(Brief descriptive captions)
------------------------------------

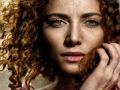 Jeu Puzzle femme cheveux bouclés  en ligne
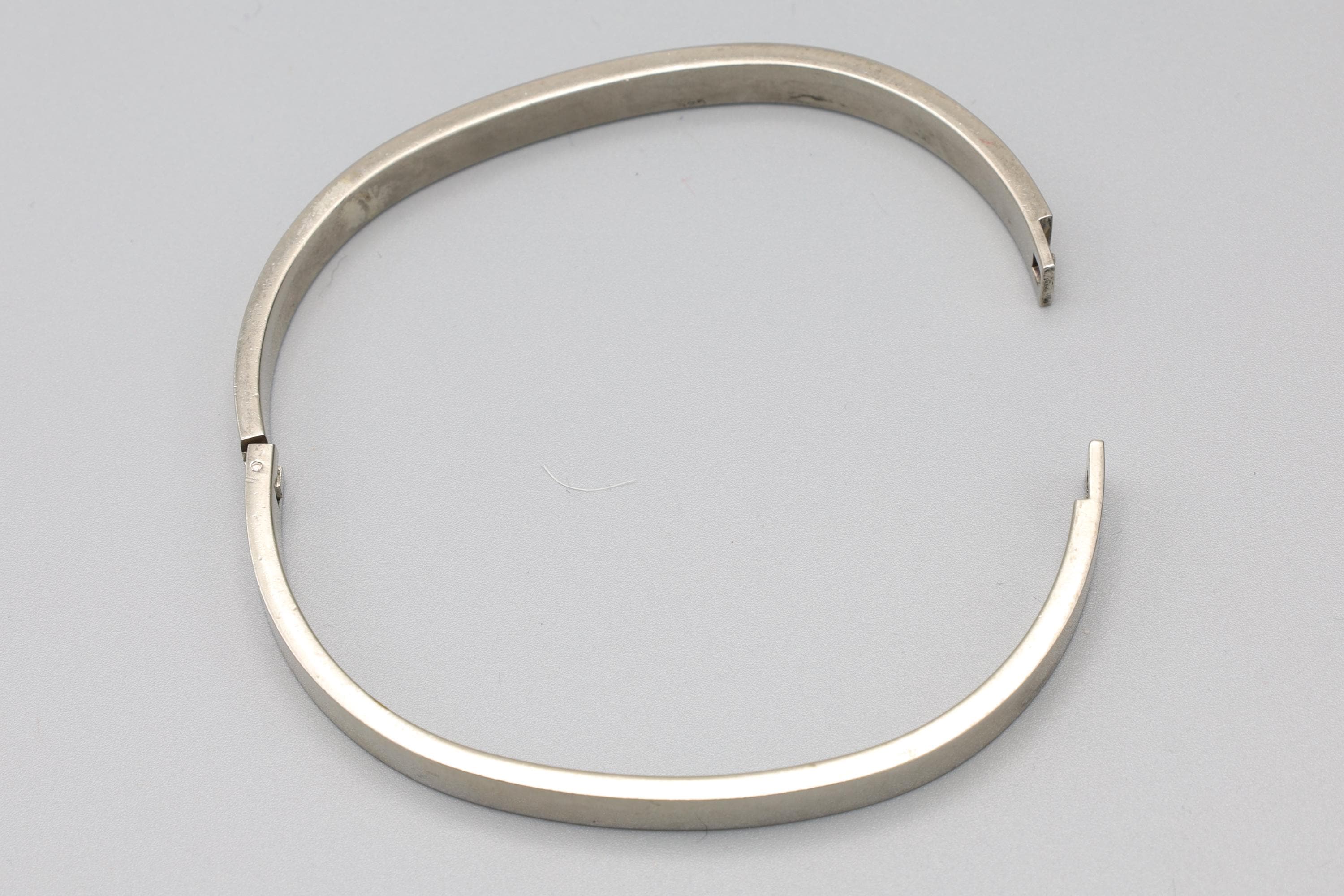 Modernist Square Bangle Bracelet Made Out 925 Sterling Silver, Round Edges And Hinged, Weight 23 Grams, Vintage Jewelry
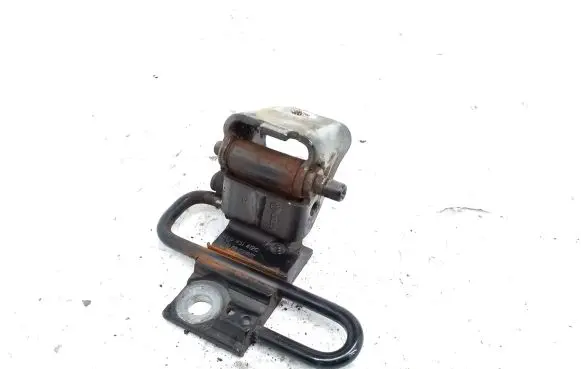 Audi A8 S8 D3 4E Front door lower hinge 4E0831412C
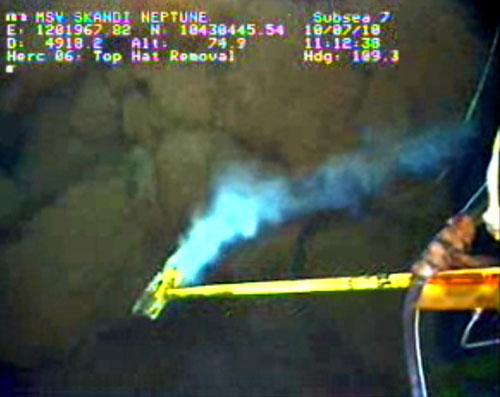 BP starts work to install new cap on gushing well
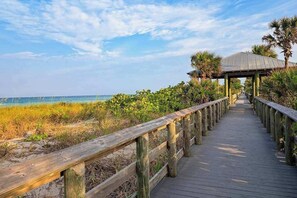 Beach nearby - Inviting home w/ screened pool, lovely patio & upgraded interior - beach nearby (Englewood)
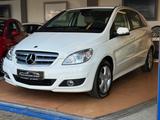 Mercedes-Benz B 200 Automatik / Klima / Sitzheizung - gebrauchte Mercedes-Benz B 200 aus dem Jahr 2009
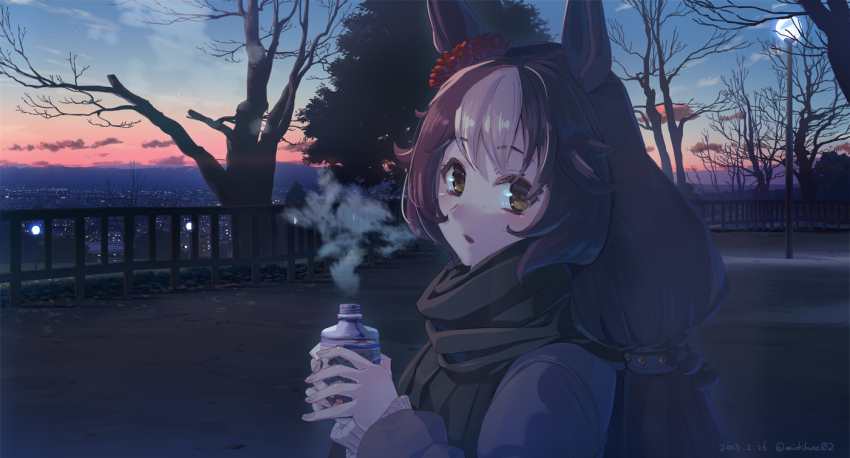 1girl animal_ears bare_tree bottle brown_hair cloud coat commentary_request dated ear_scrunchie hands_up holding holding_bottle horse_ears horse_girl lamppost long_hair long_sleeves looking_at_viewer looking_to_the_side low_twintails multicolored_hair open_mouth outdoors railing scarf solo steam sunset takuzui tree twintails twitter_username two-tone_hair umamusume upper_body yamanin_zephyr_(umamusume) yellow_eyes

------------------------------------

### Exercise requirements
Repeat only the lines between the start of the data and the line with "Mercedes-Benz B 200 Automatik", including those two lines, and skip the pictures.

### Your solution
 Jeu Puzzle femme cheveux bouclés  en ligne
 Modernist Square Bangle Bracelet Made Out 925 Sterling Silver, Round Edges And Hinged, Weight 23 Grams, Vintage Jewelry
 Audi A8 S8 D3 4E Front door lower hinge 4E0831412C
 BP starts work to install new cap on gushing well
 Beach nearby - Inviting home w/ screened pool, lovely patio & upgraded interior - beach nearby (Englewood)
 Mercedes-Benz B 200 Automatik / Klima / Sitzheizung - gebrauchte Mercedes-Benz B 200 aus dem Jahr 2009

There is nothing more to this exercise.